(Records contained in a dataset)
--------------------------------
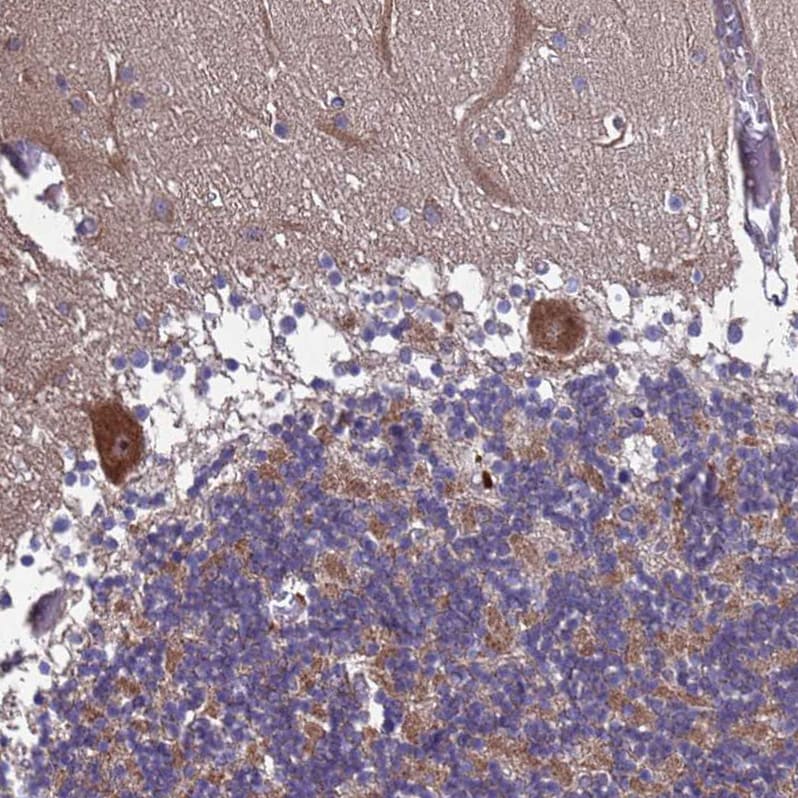 TBK1 Antibody - BSA Free Immunohistochemistry: TBK1 Antibody - BSA Free [NBP2-13416]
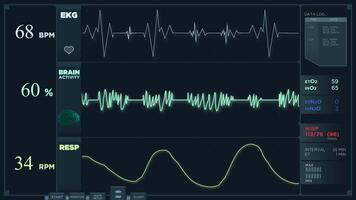 Animation of an electrocardiogram display reading in normal mode. EEG and EKG video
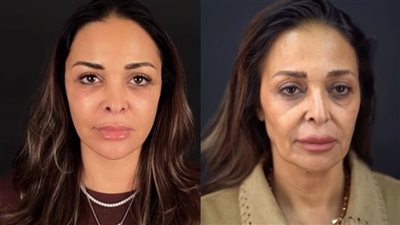 داليا البحيري قبل وبعد عملية التجميل     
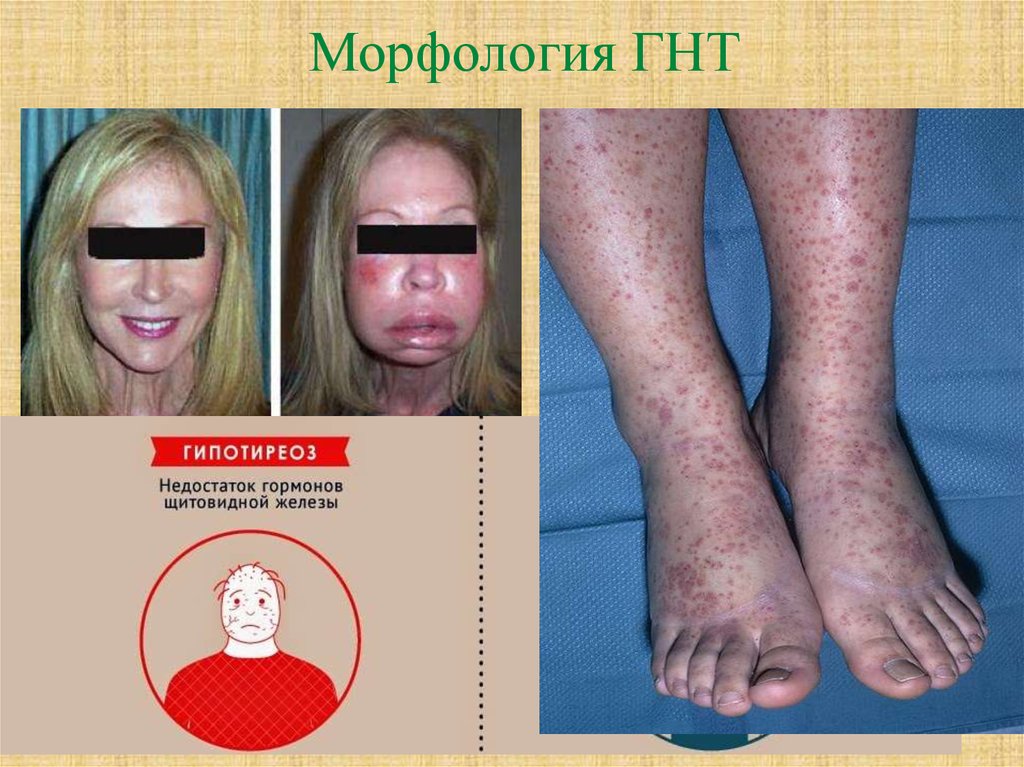 Морфология ГНТ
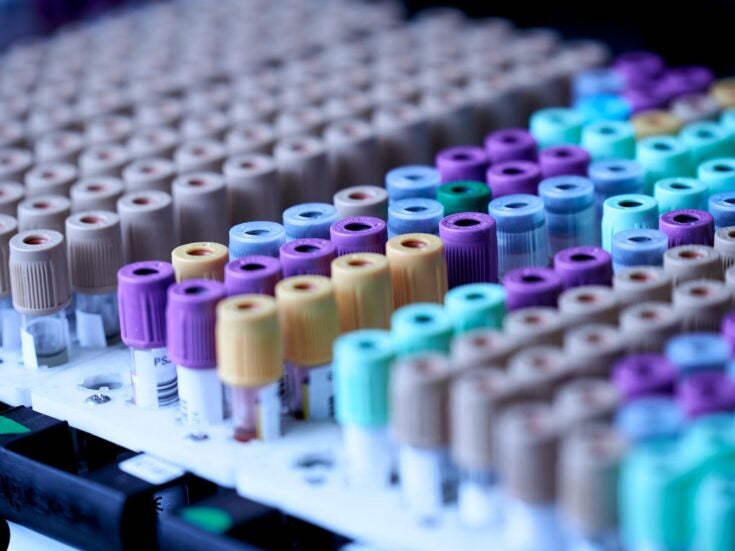 Eurofins introduces SARS-CoV-2 Direct RT-PCR test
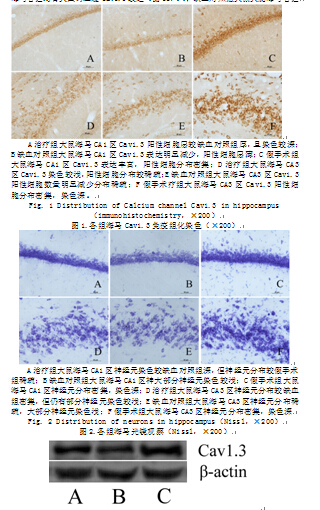 丁苯酞对慢性脑缺血大鼠海马中钙通道cav1.3表达的影响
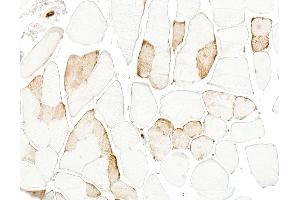 Immunohistochemistry (IHC) image for anti-Myoglobin (MB) antibody (ABIN7795605) (Myoglobin Antikörper)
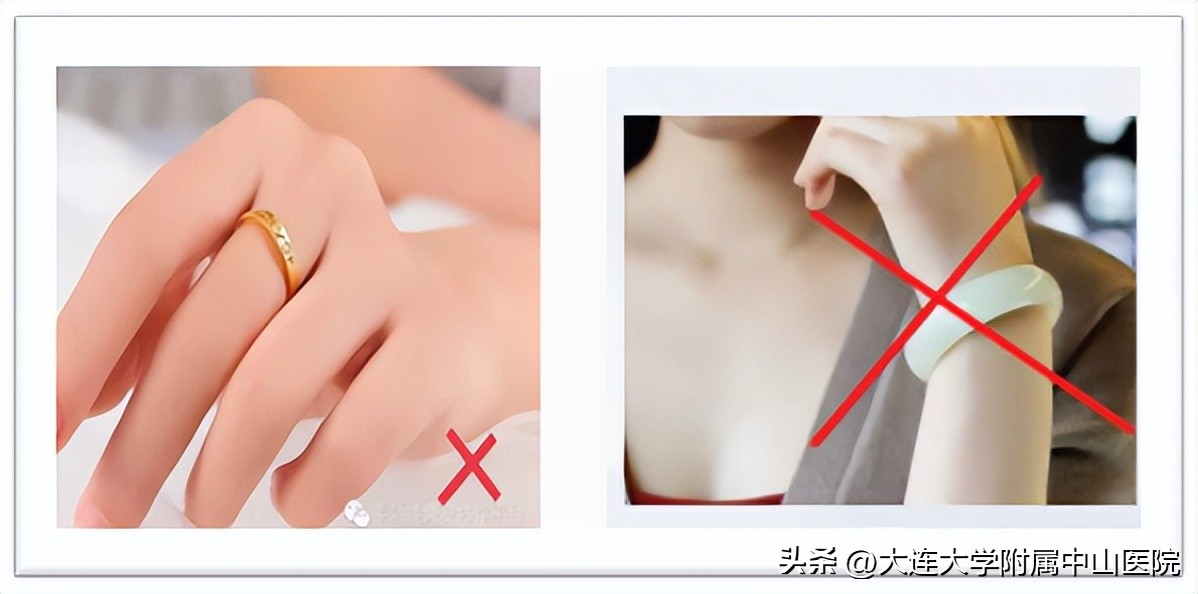 淋巴清扫后水肿怎么治疗可以康复,腋窝淋巴清扫后腋窝水肿处理方法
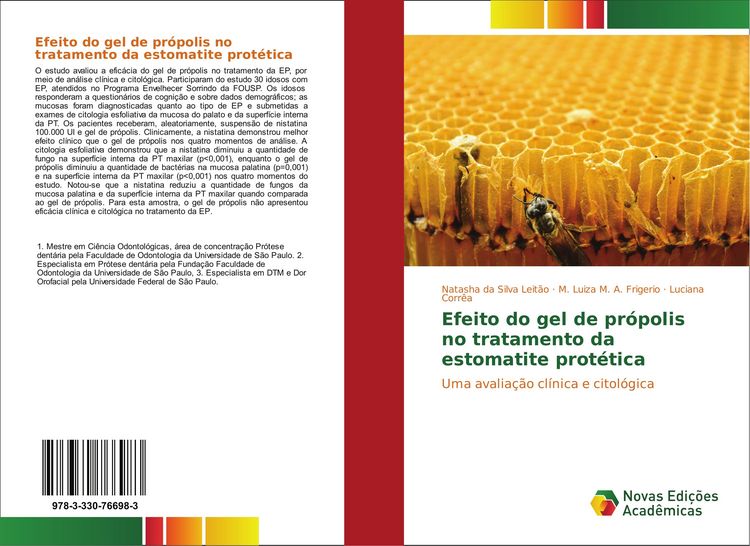 Produktbild: Efeito do gel de pr&oacute;polis no tratamento da estomatite prot&eacute;tica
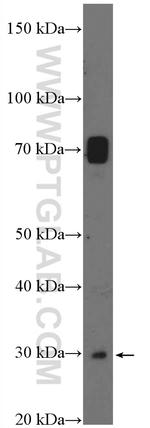 SAT1 Antibody in Western Blot (WB)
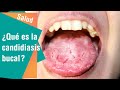 ¿Qué es la candidiasis bucal? | Salud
--------------------------------
> **Activity**
Once the pictures are set aside, please output all the data word for word.

> **Exercise answer**
 TBK1 Antibody - BSA Free Immunohistochemistry: TBK1 Antibody - BSA Free [NBP2-13416]
 Animation of an electrocardiogram display reading in normal mode. EEG and EKG video
 داليا البحيري قبل وبعد عملية التجميل     
 Морфология ГНТ
 Eurofins introduces SARS-CoV-2 Direct RT-PCR test
 丁苯酞对慢性脑缺血大鼠海马中钙通道cav1.3表达的影响
 Immunohistochemistry (IHC) image for anti-Myoglobin (MB) antibody (ABIN7795605) (Myoglobin Antikörper)
 淋巴清扫后水肿怎么治疗可以康复,腋窝淋巴清扫后腋窝水肿处理方法
 Produktbild: Efeito do gel de pr&oacute;polis no tratamento da estomatite prot&eacute;tica
 SAT1 Antibody in Western Blot (WB)
 ¿Qué es la candidiasis bucal? | Salud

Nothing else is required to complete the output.